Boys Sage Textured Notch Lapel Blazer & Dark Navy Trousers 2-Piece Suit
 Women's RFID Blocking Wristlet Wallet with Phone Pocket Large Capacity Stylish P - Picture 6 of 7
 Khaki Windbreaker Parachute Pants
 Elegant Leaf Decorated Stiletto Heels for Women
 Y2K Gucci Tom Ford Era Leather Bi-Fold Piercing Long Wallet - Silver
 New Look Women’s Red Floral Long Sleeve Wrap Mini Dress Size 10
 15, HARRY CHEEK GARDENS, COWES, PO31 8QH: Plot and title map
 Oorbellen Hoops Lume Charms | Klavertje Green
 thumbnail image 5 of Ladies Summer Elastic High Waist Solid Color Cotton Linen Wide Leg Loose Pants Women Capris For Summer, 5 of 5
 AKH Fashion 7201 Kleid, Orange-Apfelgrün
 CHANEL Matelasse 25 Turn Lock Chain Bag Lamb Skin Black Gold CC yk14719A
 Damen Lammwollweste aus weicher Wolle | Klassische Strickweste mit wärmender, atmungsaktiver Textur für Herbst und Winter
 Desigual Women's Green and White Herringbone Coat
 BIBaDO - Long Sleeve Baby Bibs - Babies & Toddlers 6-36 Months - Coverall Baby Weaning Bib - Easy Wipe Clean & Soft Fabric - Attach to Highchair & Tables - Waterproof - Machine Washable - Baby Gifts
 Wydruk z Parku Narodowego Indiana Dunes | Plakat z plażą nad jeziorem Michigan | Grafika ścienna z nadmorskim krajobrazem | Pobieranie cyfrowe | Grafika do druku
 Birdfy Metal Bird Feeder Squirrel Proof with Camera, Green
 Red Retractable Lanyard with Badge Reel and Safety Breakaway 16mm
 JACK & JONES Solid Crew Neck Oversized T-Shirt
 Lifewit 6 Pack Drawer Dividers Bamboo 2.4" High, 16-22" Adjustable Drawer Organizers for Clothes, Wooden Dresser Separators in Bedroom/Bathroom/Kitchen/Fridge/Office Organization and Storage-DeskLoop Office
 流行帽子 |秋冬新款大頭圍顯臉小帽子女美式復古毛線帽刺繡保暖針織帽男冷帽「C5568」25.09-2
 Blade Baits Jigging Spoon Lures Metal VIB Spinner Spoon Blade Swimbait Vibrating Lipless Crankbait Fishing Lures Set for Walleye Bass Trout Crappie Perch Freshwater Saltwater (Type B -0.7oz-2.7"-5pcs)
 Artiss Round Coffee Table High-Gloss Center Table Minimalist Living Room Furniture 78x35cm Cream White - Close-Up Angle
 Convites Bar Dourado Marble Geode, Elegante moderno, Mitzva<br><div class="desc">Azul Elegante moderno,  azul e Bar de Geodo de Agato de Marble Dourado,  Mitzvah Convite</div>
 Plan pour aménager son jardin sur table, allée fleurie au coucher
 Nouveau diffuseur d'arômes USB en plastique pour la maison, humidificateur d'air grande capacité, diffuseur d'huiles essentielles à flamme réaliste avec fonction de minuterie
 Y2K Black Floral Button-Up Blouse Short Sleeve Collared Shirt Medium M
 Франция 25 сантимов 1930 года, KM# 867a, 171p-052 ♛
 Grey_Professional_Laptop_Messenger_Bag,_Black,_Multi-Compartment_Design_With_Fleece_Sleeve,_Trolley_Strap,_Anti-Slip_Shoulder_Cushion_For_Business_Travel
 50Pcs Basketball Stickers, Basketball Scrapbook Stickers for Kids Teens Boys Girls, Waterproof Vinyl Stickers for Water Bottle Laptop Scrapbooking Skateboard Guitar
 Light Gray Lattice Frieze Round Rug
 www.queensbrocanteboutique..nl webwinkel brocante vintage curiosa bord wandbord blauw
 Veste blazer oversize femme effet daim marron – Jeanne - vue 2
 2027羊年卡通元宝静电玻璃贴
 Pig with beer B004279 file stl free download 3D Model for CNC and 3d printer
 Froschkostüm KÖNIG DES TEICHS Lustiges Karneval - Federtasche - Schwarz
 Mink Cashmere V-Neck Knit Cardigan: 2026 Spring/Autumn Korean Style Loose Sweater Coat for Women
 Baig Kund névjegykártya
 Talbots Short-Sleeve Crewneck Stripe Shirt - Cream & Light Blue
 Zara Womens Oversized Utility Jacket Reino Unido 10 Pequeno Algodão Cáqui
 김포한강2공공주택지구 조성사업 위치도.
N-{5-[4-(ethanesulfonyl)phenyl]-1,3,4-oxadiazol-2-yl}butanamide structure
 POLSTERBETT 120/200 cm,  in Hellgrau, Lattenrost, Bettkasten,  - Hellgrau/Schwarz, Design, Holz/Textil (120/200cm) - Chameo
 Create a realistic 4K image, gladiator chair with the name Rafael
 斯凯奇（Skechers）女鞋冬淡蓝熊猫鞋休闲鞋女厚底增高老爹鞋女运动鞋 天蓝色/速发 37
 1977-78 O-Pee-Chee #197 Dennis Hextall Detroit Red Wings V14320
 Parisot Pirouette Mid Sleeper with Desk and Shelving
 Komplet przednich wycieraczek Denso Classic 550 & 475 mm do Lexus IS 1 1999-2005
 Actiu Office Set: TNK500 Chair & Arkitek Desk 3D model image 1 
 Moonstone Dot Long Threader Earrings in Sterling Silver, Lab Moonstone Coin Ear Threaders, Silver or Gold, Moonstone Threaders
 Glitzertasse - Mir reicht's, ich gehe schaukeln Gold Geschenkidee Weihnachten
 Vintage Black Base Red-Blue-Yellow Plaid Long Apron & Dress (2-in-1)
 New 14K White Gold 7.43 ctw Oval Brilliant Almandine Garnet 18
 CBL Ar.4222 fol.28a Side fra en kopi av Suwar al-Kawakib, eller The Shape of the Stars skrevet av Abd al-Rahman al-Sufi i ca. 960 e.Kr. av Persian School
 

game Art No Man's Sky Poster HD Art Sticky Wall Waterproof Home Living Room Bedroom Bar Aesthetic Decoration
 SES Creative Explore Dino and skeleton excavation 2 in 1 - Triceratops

★ ★ ★ ★ ★

● PROBLEM DETAILS: Given the records above, return exactly the lines starting at the line containing "김포한강2공공주택지구 조성사업 위치도." and ending at the line containing "CBL Ar.4222 fol.28a", including both.

● YOUR RESPONSE:
 김포한강2공공주택지구 조성사업 위치도.
N-{5-[4-(ethanesulfonyl)phenyl]-1,3,4-oxadiazol-2-yl}butanamide structure
 POLSTERBETT 120/200 cm,  in Hellgrau, Lattenrost, Bettkasten,  - Hellgrau/Schwarz, Design, Holz/Textil (120/200cm) - Chameo
 Create a realistic 4K image, gladiator chair with the name Rafael
 斯凯奇（Skechers）女鞋冬淡蓝熊猫鞋休闲鞋女厚底增高老爹鞋女运动鞋 天蓝色/速发 37
 1977-78 O-Pee-Chee #197 Dennis Hextall Detroit Red Wings V14320
 Parisot Pirouette Mid Sleeper with Desk and Shelving
 Komplet przednich wycieraczek Denso Classic 550 & 475 mm do Lexus IS 1 1999-2005
 Actiu Office Set: TNK500 Chair & Arkitek Desk 3D model image 1 
 Moonstone Dot Long Threader Earrings in Sterling Silver, Lab Moonstone Coin Ear Threaders, Silver or Gold, Moonstone Threaders
 Glitzertasse - Mir reicht's, ich gehe schaukeln Gold Geschenkidee Weihnachten
 Vintage Black Base Red-Blue-Yellow Plaid Long Apron & Dress (2-in-1)
 New 14K White Gold 7.43 ctw Oval Brilliant Almandine Garnet 18
 CBL Ar.4222 fol.28a Side fra en kopi av Suwar al-Kawakib, eller The Shape of the Stars skrevet av Abd al-Rahman al-Sufi i ca. 960 e.Kr. av Persian School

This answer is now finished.